Bis das Blut gefriert

Bis das Blut gefriert

(„The Haunting“ directed by Robert Wise, 1963)

Bis das Blut gefriert„Hier ist weit und breit keine Menschenseele. Niemand wird da sein, wenn Sie Hilfe brauchen. In der Nacht. In der Dunkelheit.“

Einladend sind diese Begrüßungsworte von Mrs. Dudley sicher nicht. Jeder normale Mensch würde an dieser Stelle vermutlich schleunigst die Flucht ergreifen. Nur kann man die labile Eleanor Lance (Julie Harris) nicht wirklich als normal bezeichnen, und auf der Flucht ist sie schon längst. Elf Jahre lang hat sie sich um ihre invalide Mutter gekümmert, bis zu ihrem Tod. Ein eigenes Leben hat sie nie gehabt; immer unter der Fuchtel der alten Frau konnte sie kaum das Zimmer verlassen und tröstete sich mit dem Gedanken, dass irgendwann andere Zeiten auf sie warten würden. Ein Ereignis, das nur ihr, Eleanor Lance passieren würde. Und das ihr gehören würde.

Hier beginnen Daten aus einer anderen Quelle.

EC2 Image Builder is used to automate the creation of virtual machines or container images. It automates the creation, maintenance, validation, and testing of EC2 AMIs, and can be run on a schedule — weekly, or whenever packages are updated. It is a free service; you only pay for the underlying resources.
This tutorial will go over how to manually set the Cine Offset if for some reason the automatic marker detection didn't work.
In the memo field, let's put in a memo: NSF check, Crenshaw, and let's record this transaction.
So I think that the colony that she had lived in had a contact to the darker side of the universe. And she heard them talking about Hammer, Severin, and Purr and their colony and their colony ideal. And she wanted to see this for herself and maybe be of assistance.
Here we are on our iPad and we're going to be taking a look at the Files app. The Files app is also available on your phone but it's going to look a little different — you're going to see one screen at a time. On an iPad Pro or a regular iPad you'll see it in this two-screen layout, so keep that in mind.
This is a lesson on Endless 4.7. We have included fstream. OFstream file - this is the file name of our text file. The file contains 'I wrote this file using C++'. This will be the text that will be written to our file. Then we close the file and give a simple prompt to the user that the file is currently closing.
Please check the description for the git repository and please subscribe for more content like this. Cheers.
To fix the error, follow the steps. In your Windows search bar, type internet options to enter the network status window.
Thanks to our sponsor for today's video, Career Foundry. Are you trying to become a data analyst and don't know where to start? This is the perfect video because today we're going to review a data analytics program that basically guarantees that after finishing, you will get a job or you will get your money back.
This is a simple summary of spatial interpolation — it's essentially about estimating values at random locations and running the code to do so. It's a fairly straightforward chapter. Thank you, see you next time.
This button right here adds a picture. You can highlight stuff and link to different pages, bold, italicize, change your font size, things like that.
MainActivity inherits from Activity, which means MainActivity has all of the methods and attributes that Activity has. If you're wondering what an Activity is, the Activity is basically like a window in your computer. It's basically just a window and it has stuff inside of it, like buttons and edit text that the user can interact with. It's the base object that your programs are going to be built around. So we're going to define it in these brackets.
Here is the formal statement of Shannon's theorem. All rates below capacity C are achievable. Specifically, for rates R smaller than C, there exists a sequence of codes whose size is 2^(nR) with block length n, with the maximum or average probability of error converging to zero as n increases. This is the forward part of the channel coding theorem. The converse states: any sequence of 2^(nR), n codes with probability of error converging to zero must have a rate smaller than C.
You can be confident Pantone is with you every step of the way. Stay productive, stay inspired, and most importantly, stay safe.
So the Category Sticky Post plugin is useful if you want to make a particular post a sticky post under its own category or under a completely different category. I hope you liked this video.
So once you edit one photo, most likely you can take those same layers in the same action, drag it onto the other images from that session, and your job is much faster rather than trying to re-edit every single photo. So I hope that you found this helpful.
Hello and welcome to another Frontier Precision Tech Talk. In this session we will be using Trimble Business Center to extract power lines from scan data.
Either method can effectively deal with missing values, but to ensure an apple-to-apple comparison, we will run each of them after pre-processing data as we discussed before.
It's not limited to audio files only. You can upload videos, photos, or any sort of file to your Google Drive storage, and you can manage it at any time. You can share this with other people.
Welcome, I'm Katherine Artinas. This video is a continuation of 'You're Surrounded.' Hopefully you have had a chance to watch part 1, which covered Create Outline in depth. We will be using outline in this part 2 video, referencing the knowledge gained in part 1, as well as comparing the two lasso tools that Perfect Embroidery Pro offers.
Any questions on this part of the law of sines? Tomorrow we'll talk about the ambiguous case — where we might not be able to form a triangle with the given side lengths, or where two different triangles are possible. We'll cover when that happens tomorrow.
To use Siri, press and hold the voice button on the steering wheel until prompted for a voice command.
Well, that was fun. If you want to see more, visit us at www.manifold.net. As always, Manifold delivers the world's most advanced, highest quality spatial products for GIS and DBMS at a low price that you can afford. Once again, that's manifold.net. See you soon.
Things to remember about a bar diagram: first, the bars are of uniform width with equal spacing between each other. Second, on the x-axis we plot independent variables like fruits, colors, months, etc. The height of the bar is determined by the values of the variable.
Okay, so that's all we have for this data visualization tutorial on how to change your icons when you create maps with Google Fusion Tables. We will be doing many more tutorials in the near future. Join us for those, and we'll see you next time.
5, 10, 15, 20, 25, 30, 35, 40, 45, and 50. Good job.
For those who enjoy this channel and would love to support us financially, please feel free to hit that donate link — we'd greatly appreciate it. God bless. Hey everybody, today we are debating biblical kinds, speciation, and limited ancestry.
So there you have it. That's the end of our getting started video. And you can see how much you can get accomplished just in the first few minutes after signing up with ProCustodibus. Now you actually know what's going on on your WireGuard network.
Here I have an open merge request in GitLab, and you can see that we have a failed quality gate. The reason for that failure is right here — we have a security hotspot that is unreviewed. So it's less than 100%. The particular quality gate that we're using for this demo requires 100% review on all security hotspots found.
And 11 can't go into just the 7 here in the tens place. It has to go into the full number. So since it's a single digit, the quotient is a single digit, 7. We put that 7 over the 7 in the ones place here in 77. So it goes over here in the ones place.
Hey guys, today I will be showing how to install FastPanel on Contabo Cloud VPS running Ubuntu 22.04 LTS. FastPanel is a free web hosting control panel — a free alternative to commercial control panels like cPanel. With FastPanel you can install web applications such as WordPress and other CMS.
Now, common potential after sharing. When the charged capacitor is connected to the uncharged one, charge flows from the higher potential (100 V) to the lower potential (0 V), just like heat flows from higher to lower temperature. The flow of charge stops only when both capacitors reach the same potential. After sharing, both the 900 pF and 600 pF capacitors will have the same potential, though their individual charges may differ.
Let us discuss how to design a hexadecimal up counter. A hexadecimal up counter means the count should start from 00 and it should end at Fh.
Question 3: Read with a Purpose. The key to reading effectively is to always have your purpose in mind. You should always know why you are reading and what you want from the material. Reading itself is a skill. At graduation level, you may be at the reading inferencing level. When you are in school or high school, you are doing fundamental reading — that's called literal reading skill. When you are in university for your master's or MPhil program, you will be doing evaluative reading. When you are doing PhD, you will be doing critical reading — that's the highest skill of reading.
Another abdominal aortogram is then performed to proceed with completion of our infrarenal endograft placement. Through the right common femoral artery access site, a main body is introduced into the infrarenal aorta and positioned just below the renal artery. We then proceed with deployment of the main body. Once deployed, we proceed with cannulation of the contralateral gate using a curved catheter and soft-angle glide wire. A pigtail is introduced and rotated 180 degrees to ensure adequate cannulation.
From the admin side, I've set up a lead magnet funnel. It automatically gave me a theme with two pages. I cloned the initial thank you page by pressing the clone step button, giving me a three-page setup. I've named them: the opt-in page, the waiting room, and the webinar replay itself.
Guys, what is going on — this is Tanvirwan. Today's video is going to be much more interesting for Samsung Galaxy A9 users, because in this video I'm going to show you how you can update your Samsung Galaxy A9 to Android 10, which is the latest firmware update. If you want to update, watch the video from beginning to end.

Und genau das scheint auch der Fall zu sein, als sie einen Brief von Dr. John Markway (Richard Johnson) erhält, der sie nach Hill House einlädt. Ein altes Herrenhaus in Neuengland, abgelegen, mit einer düsteren Vergangenheit. Und ein böses Haus, so böse wie der Mann, der es vor 90 Jahren erbaut hatte: Hugh Crain. Mehrere Menschen sind in Hill House im Laufe der Zeit unter mysteriösen Umständen ums Leben gekommen, hatten Unfälle, fielen Treppen hinunter oder begingen gleich Selbstmord. Zufall oder doch Ausdruck von übernatürlichen Kräften? Genau das versucht Markway herauszufinden und startet mit Eleanor, der psychisch begabten Theodora (Claire Bloom) und Luke Sanderson (Russ Tamblyn), dem zukünftigen Besitzer des Anwesens, ein Experiment. Und das Haus scheint seinem Wunsch nachzukommen, die ersten unerklärlichen Ereignisse lassen nicht lange auf sich warten.Bis das Blut gefriert Szene 1

Vor fast genau 50 Jahren kam Bis das Blut gefriert in die Kinos und gilt heute als einer der großen Klassiker des Horrorgenres, obwohl – oder gerade weil – der Film es vermeidet, je explizit zu werden. Sichtbar ist von dem Spuk fast gar nichts, die meiste Zeit über bleibt es bei Andeutungen. Unheimliche Geräusche, Poltern, Temperaturschwankungen, unerklärte Schriftzüge, sich selbständig schließende und öffnende Türen – mehr brauchte Regisseur Robert Wise seinerzeit nicht, um sein Publikum in Angst und Schrecken zu versetzen. Das geht so weit, dass bis zum Schluss nie wirklich klar wird, ob die Ereignisse überhaupt real oder doch nur Einbildung sind.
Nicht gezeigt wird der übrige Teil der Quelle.